However, for some inexplicable reason, this prevalence reversed itself on June 5, in the Republican primary. In the much-anticipated race for the extremely important Chief Justice of the Supreme Court, position two of the sitting members of the Supreme Court were pitted against each other. 

Justice Lyn Stuart, who is the longest serving member on the State Supreme Court, had moved into the Chief Justice role after the departure of Judge Roy Moore. She was running for Chief Justice for the full six-year term. Justice Tom Parker was Roy Moore’s closest ally and is now the most socially conservative activist on the court. Parker and Moore dip from the same well.

Parker chose to challenge Stuart for Chief Justice. The Lyn Stuart vs Tom Parker contest was billed as one of the Titanic battles of the Primary season. Stuart was the darling of the business community. Parker openly was carrying the banner of the social conservatives. Parker bested Stuart 52 percent to 48 percent. Most of Parker’s financial backing came from plaintiff trial lawyers. Parker does have Democratic opposition from Birmingham attorney, Robert Vance, Jr. However, he should win election in November.
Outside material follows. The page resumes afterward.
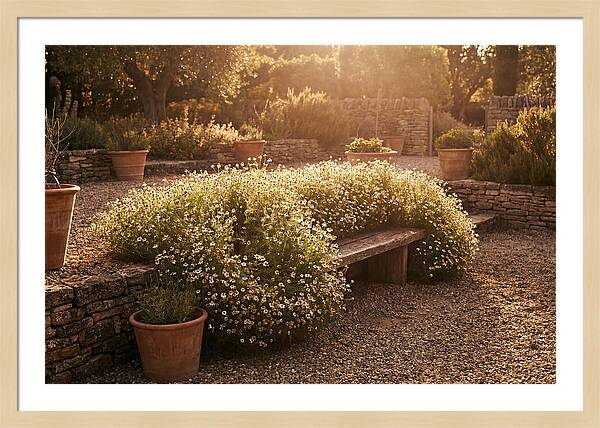 Garden Herb Seat Surrounded By Chamomile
Judge Brad Mendheim was facing two prominent female Circuit judges, Debra Jones of Anniston and Sarah Hicks Stewart of Mobile, for Place 1 on the State Supreme Court. Mendheim has been a longtime popular Circuit Judge in Dothan. He was appointed to this Supreme Court seat by Governor Kay Ivey earlier this year.  Mendheim decisively outdistanced his female opponents by garnering 43 percent of the vote. He is expected to win election to a full six-year term on the high tribunal on July 17.

Another example of the male uprising in the court contests occurred in the race for a seat on the Court of Civil Appeals. Judge Terri Willingham Thomas, who has been on this court since 2006 and has served with distinction, was shockingly defeated by her unknown male opponent, Chad Hanson.

Pickens County Prosecutor Chris McCool forged to the front in the race for a seat on the Court of Criminal Appeals. He led 43 to 35 over Rich Anderson from the Montgomery/River Region.

In the other court races, the candidate who raised the most money and was able to buy some TV time prevailed.

In the State Supreme Court race in Place 4, two Birmingham attorneys, John Bahakel and Jay Mitchell, were pitted against each other. Mitchell significantly outspent Bahaked and won 73 to 27.

Christy Edwards of Montgomery and Michelle Thomason of Baldwin County are headed for a runoff for a seat on the Court of Civil Appeals.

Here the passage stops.